II. Whether the trial court's calculation of Husband's child support arrearage is clearly erroneous.
Facts
[3] Husband and Wife were married in 2003, and they had three children, one of whom is now emancipated. In April 2023, Husband moved into an apartment and informed Wife that he intended to file for dissolution. Shortly thereafter, Husband withdrew a total of $220,823.33 from his retirement account without Wife's knowledge. Husband then filed a petition for dissolution of marriage in October 2023. At the time Husband filed the petition for dissolution, the retirement account in question had a balance of $309,412.46.1
[4] An August 2024 provisional order granted Wife primary physical custody of the children with Husband having parenting time pursuant to the Indiana Parenting Time Guidelines. The trial court reserved the issue of child support and its retroactivity for the final hearing.
[5] A final hearing was held in May 2025. Wife argued that Husband dissipated marital assets when he withdrew the $220,823.33 from his retirement account. Wife proposed including the $220,823.33 in Husband's marital assets and then an equal division of marital property, which would have resulted in an equalization payment from Wife to Husband in the amount of $90,960.87. Husband, on the other hand, proposed a 43%–57% division of marital assets in his favor. Husband did not include the $220,823.33 withdrawal in retirement funds in his calculations and proposed a $100,000 equalization payment from Wife to Husband.
[6] The trial court entered findings of fact and conclusions thereon granting the petition for dissolution of marriage. Regarding the marital estate, the trial court found that Husband dissipated assets in the amount of $220,823.33 when he withdrew the funds from his retirement accounts shortly before filing his petition for dissolution. The trial court found: “Husband's withdrawal of $220,823.33 from his Sammons IRA account is dissipation of the marital assets for the sole benefit of Husband, and this dissipated amount is factored into the division of the marital estate.” Appellant's App. Vol. II p. 52. The trial court further found that “Wife has rebutted the presumption of an equal division of property due to Husband's dissipation of the marital estate.” Id. at 56.
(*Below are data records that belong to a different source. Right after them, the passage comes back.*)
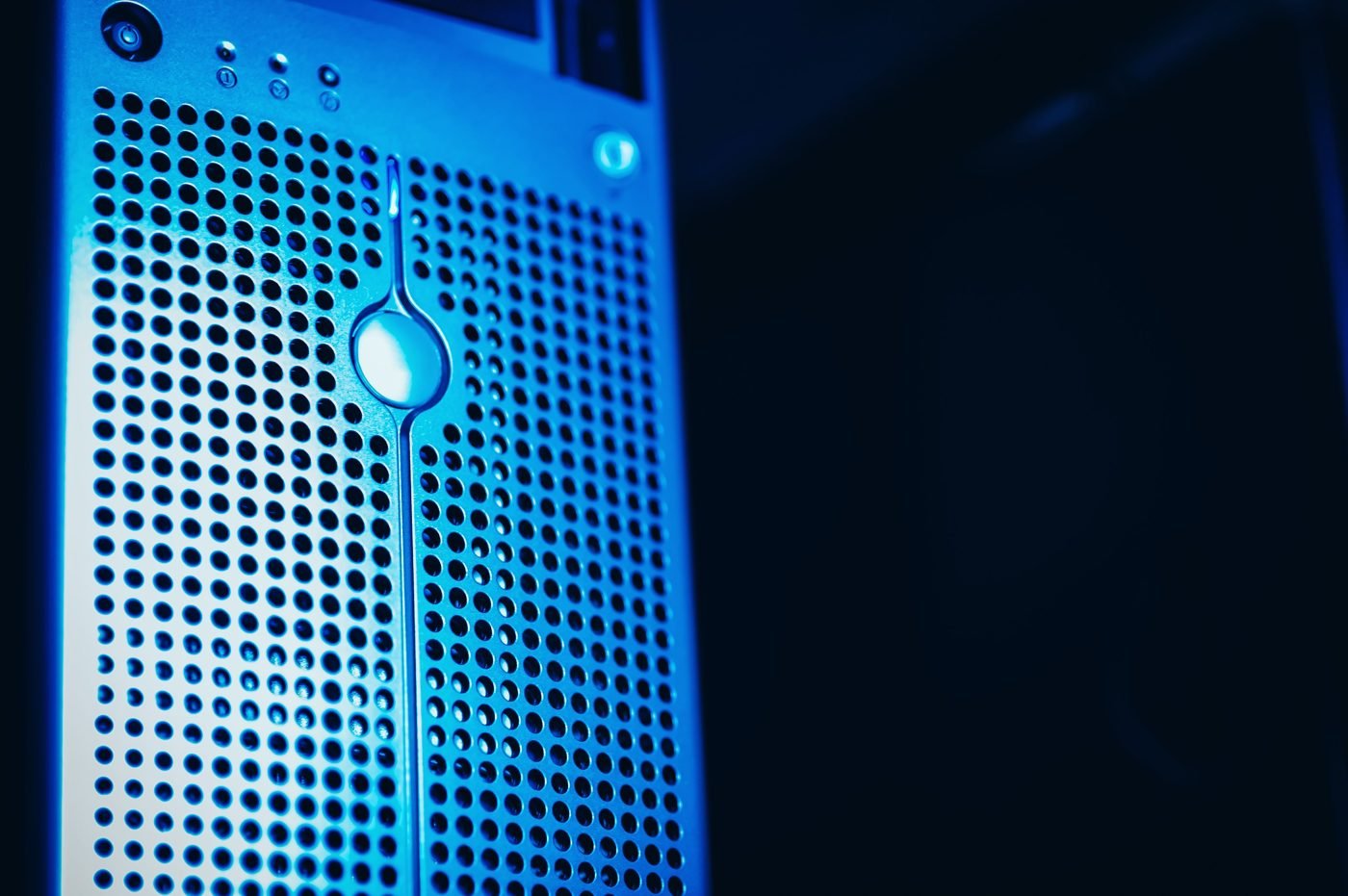 Server racks lit in blue inside a data center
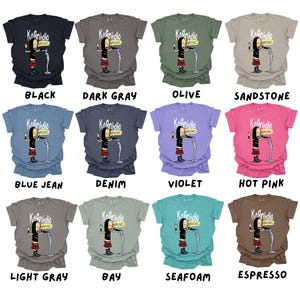 May include: A collage of 12 t-shirts in various colors, each featuring a cartoon character with a microphone and the text "Kaanholio" on the front. The colors include black, dark gray, olive, sandstone, blue jean, denim, violet, hot pink, light gray, bay, seafoam, and espresso.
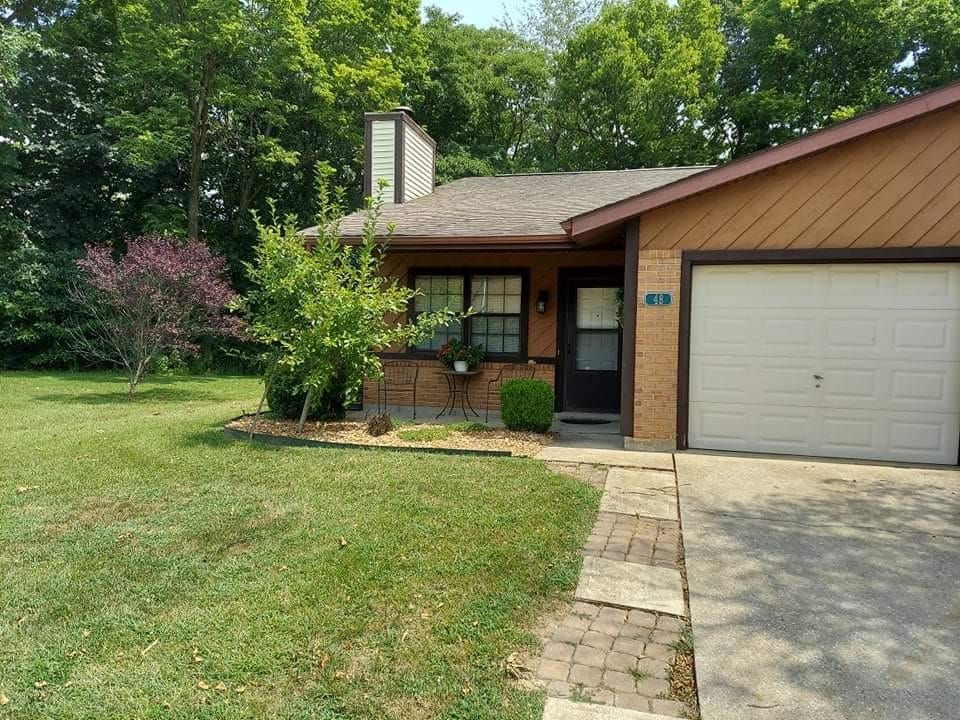 One step into the home via front door or garage door - 48 Rabbit Trail Dr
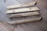 Four wooden planks are lying on a wooden floor. The planks have a natural, rustic finish, and two of them have screws partially embedded. The floor has a variegated pattern with a mix of light and dark brown tones.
[7] The trial court calculated the net marital estate as of the filing of the petition to be $916,282.81 and found that Husband was receiving $256,488.89 and Wife was receiving $659,793.92. After taking into account Husband's dissipation of $220,823.33 of marital assets, the trial court ordered Wife to pay $90,960.83 2 to Husband as an equalization payment.
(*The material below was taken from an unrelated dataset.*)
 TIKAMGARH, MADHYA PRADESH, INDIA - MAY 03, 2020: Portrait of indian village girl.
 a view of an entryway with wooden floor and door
[8] Regarding child support, the trial court imputed annual income to Husband in the amount of $100,000, and then found:
24. Husband's annual overnights under the stipulated parenting time agreement of the Parties is 116.
25. Effective the first Friday following court approval, Husband shall pay weekly child support in the amount of $100.00 per week. Child support shall be paid by Income Withholding Order, if available, through the INSCCU which shall be prepared by Husband's counsel.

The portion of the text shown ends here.